The Intestinal Transplant Registry and published single center experiences describe patient survival at 55–66% at 5 years and graft survival at 48–62%, with rejection (13%) and sepsis (50%) being the biggest contributors to patient death (7, 8). This is compared to a 5 year survival of 95% reported after liver transplant (9). Registry data reports PTLD (post transplant lymphoproliferative disorder) occurrence as 8% in the current era (10).

Can new scientific advances support improved management strategies to allow intestinal transplant survival to match those for other solid organ transplants, particularly in management of rejection, infection and malignancy?

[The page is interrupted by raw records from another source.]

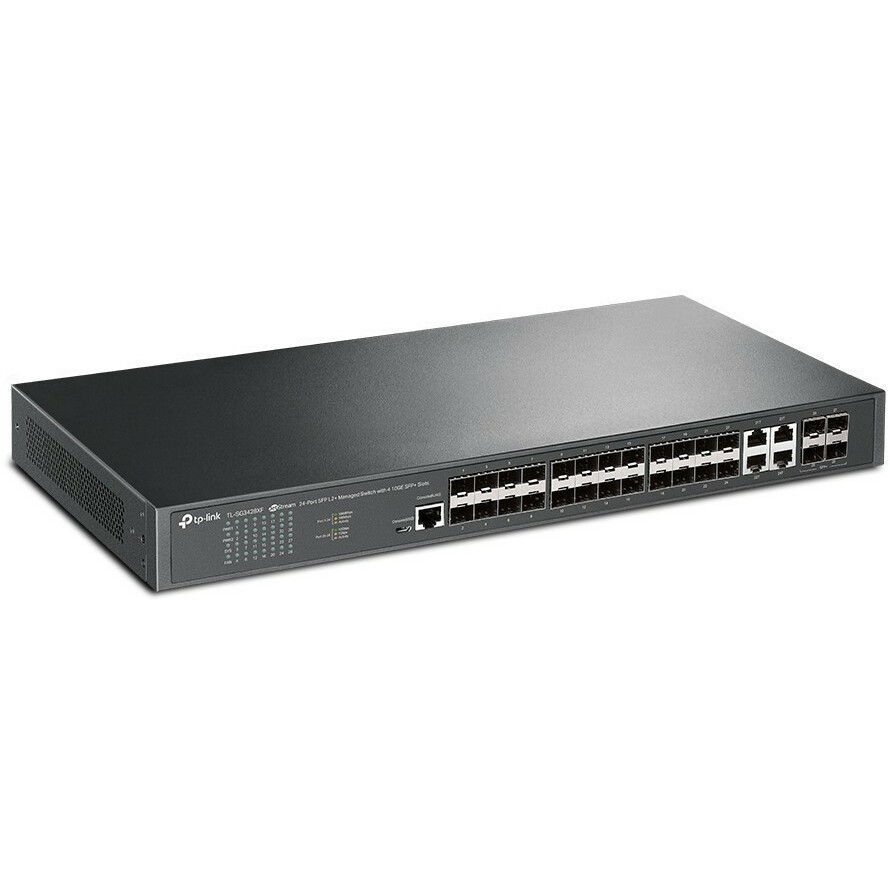 Коммутатор TP-Link TL-SG3428XF, 24 x GE, 4 x SFP+, L2+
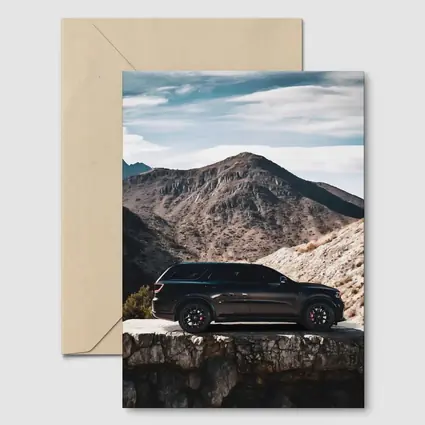 Dodge Durango Black SUV Mountain Background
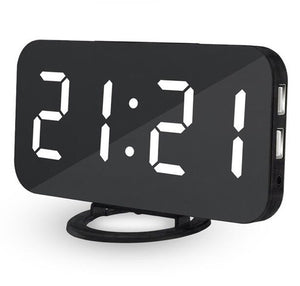 Alarm Clock Digital Clock with Large 6.5'' Easy-Read LED Display Diming Mode
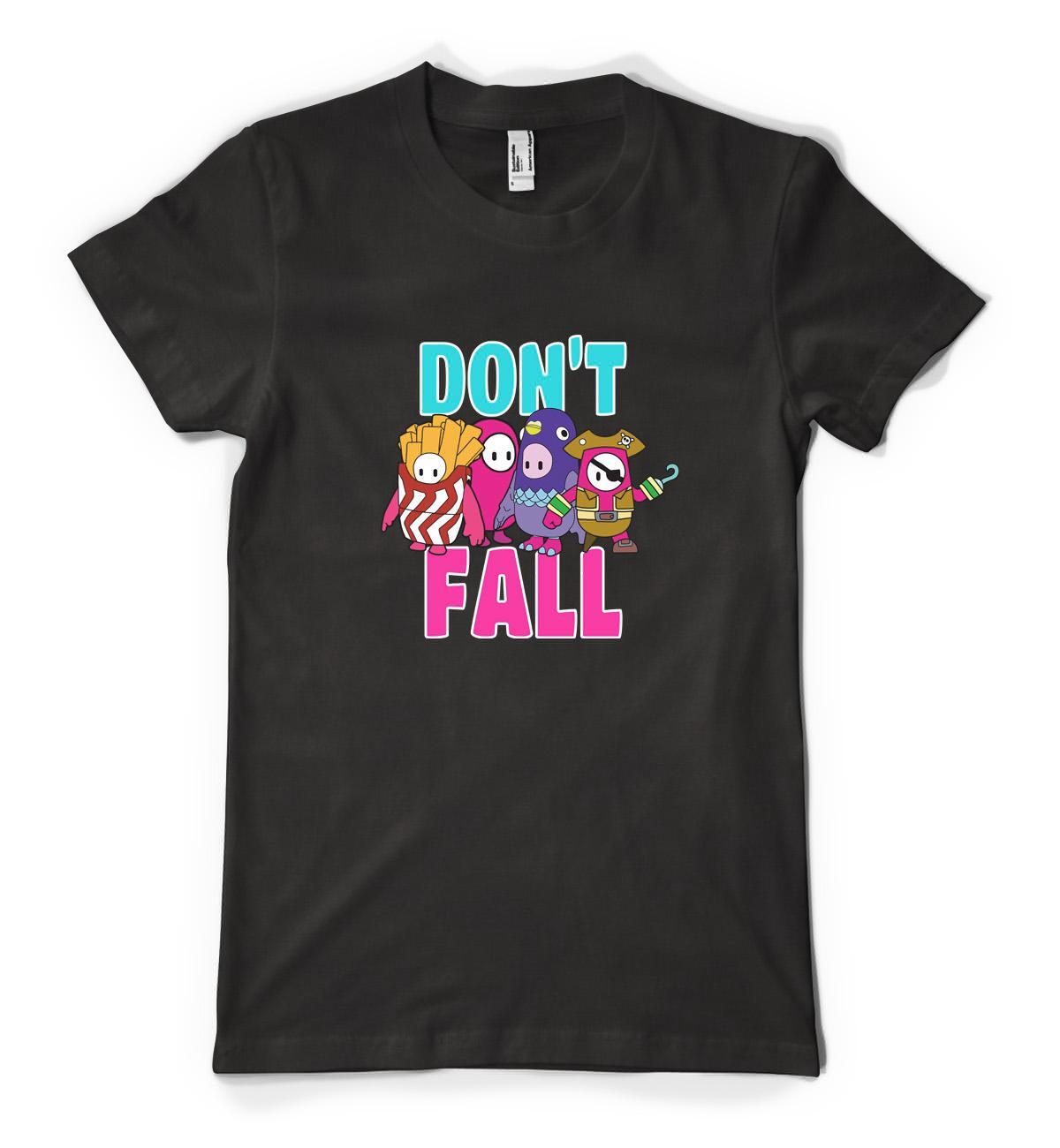 Don’t Fall Fallen Guys Gaming Personalised Unisex Adult T Shirt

Studies of mucosal immunology in other bowel disorders, such as inflammatory bowel disease (IBD), have revealed a complex network of interactions between immune and GI tract cell types. Developments in molecular and microscopy techniques allow increasingly detailed descriptions of gut specific immune cell subsets. Enhancing those subsets which limit inflammatory responses is advancing, with engineered monoclonal antibody and small molecule therapies already being used to manage other inflammatory disorders of the gut. Research on the gut microbiome has exploded since the first intestinal transplants, however, it remains to be proven whether the microbiome can be manipulated to alter mucosal immune responses. Developing these approaches may allow us to replicate the physiological balance of immunogenicity and tolerogenicity within the bowel after transplant, enhance immune monitoring and immunosuppression and thus improve transplant outcomes. Tissue engineering is also an expanding field, organoids from autologous or animal derived cells could become part of the future of intestinal transplant, potentially preventing the need for immunosuppression altogether.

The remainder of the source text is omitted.